- _Exercise requirements_
Write out the entries below exactly, starting at the first line and stopping after the line that contains "Bague en or"; skip all pictures.

- _Provided information_
^^^^^^^^

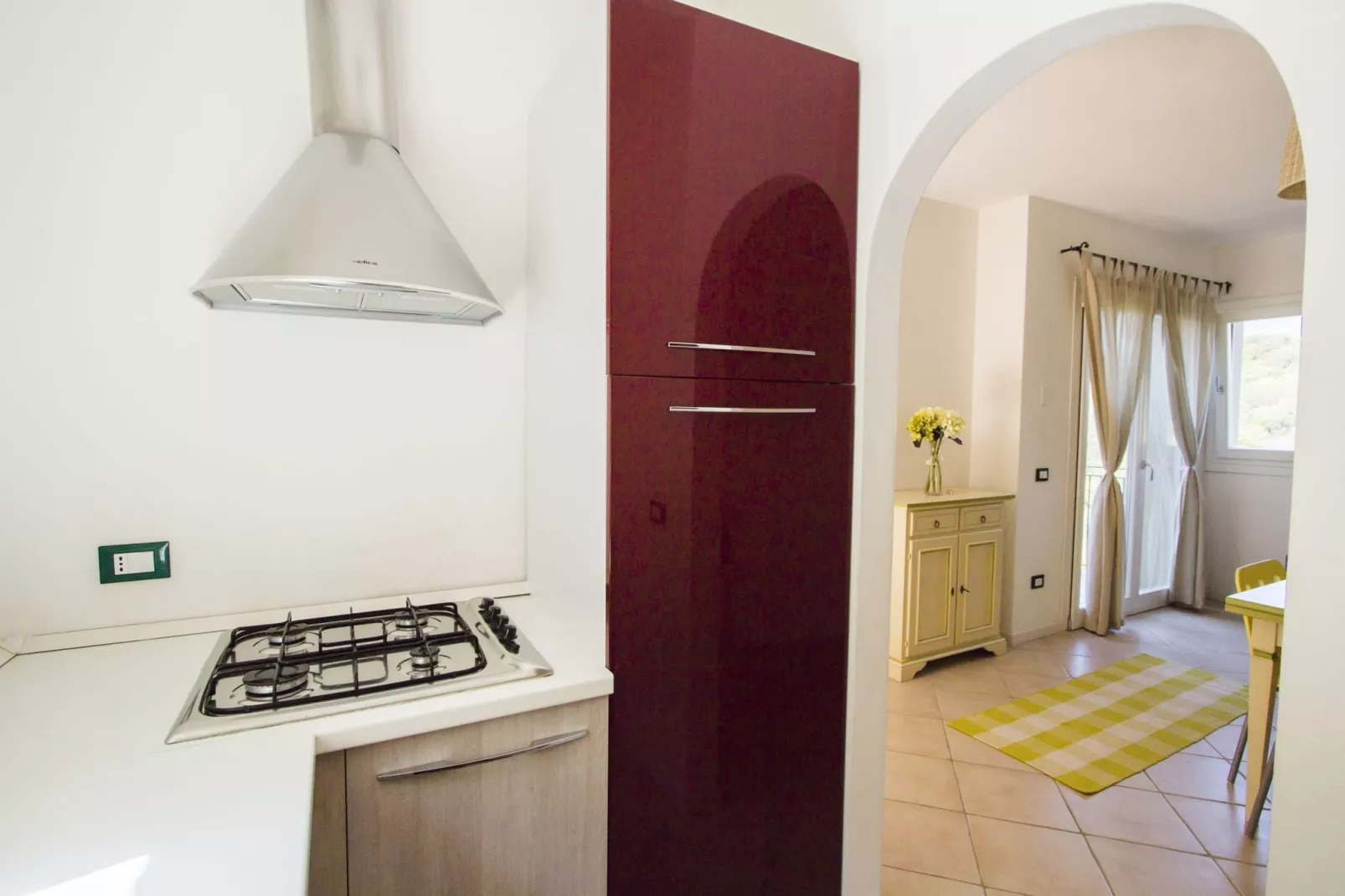 Ea Bianca Bilo 4-Kitchen
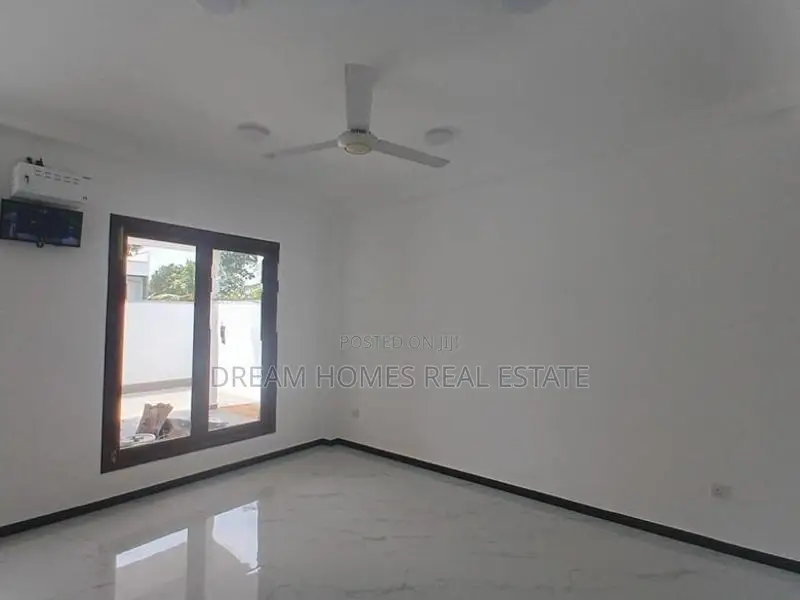 Brand New Two Storey Luxury House for Sale – Gorakapitiya, Pannipitiya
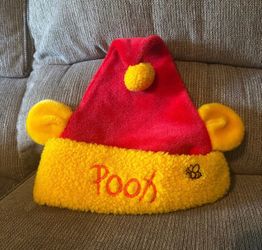 Adult Vtg. Winnie The Pooh Santa Hat with Mickey Ears Disney World Yellow & Red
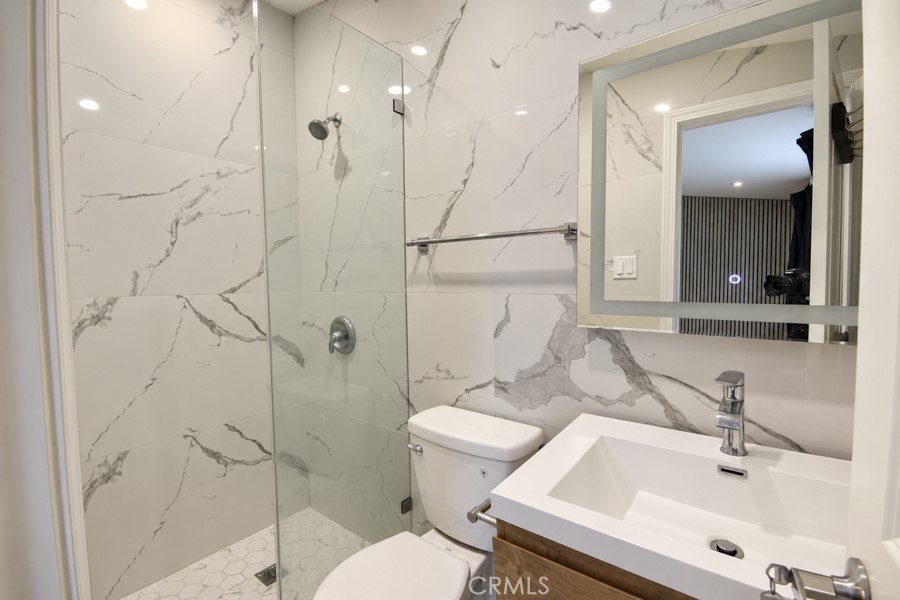 660 Beach Street, Costa Mesa CA 92627 - photo 20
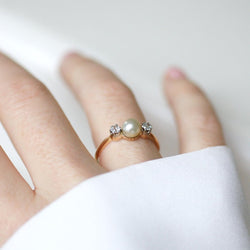 Bague en or jaune, platine, perle, et diamants - Castafiore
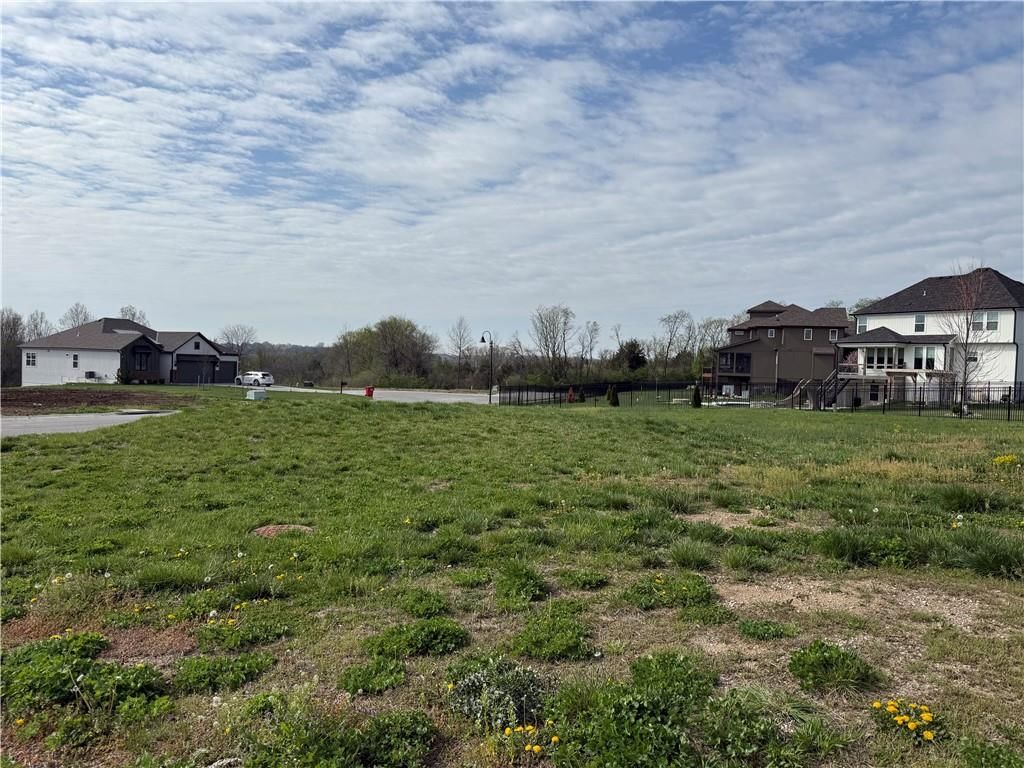 2512 NE Wheatley Drive, Blue Springs, MO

^^^^^^^^

- _Your solution_
 Ea Bianca Bilo 4-Kitchen
 Brand New Two Storey Luxury House for Sale – Gorakapitiya, Pannipitiya
 Adult Vtg. Winnie The Pooh Santa Hat with Mickey Ears Disney World Yellow & Red
 660 Beach Street, Costa Mesa CA 92627 - photo 20
 Bague en or jaune, platine, perle, et diamants - Castafiore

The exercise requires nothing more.